SOURCE DATA START

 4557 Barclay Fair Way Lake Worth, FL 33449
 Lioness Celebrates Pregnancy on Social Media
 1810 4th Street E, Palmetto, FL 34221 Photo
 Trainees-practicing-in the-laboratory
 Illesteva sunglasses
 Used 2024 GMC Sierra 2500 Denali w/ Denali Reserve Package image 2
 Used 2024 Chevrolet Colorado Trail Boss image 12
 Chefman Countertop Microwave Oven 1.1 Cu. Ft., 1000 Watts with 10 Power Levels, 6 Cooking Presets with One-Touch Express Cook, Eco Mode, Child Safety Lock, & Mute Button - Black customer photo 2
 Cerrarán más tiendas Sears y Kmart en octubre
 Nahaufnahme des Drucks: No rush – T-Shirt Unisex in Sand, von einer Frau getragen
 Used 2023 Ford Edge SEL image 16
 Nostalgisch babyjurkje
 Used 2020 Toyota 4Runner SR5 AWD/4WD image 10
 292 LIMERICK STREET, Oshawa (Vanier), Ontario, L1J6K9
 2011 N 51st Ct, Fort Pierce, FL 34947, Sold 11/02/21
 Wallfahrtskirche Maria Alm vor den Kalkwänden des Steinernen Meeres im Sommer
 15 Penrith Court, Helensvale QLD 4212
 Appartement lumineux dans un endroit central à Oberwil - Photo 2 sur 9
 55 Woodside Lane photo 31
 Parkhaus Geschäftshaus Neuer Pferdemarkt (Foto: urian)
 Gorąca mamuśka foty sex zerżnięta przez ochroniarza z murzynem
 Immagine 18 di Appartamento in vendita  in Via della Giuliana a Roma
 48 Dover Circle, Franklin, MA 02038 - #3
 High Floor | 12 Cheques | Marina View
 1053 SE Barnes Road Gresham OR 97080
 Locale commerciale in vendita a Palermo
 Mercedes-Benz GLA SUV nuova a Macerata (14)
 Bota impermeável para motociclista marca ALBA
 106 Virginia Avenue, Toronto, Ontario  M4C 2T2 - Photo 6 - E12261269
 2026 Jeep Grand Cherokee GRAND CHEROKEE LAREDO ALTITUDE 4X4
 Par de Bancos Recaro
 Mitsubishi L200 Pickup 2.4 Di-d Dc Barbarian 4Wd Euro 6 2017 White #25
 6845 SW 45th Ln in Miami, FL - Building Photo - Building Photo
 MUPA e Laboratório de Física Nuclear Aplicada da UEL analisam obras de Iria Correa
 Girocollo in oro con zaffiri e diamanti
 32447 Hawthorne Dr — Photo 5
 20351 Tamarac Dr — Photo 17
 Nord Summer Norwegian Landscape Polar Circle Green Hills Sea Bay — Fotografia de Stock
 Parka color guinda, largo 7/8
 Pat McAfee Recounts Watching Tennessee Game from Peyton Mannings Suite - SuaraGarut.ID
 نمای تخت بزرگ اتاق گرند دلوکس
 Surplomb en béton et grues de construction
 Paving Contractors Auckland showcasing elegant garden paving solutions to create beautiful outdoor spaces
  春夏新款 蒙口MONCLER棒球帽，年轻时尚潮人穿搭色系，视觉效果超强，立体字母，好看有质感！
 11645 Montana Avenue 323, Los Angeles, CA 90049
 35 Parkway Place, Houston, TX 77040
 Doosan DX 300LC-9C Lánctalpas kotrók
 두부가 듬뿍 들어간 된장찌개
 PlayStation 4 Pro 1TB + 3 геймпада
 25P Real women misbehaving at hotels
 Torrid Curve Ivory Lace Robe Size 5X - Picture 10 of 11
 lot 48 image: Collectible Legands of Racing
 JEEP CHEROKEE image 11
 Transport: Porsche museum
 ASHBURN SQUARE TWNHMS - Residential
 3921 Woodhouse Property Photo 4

SOURCE DATA END

• YOUR ASSIGNMENT:
Taking the entries from their first line through the line with "Used 2024 GMC", inclusive, restate each line word for word and give nothing else.

• TASK RESULT:
 4557 Barclay Fair Way Lake Worth, FL 33449
 Lioness Celebrates Pregnancy on Social Media
 1810 4th Street E, Palmetto, FL 34221 Photo
 Trainees-practicing-in the-laboratory
 Illesteva sunglasses
 Used 2024 GMC Sierra 2500 Denali w/ Denali Reserve Package image 2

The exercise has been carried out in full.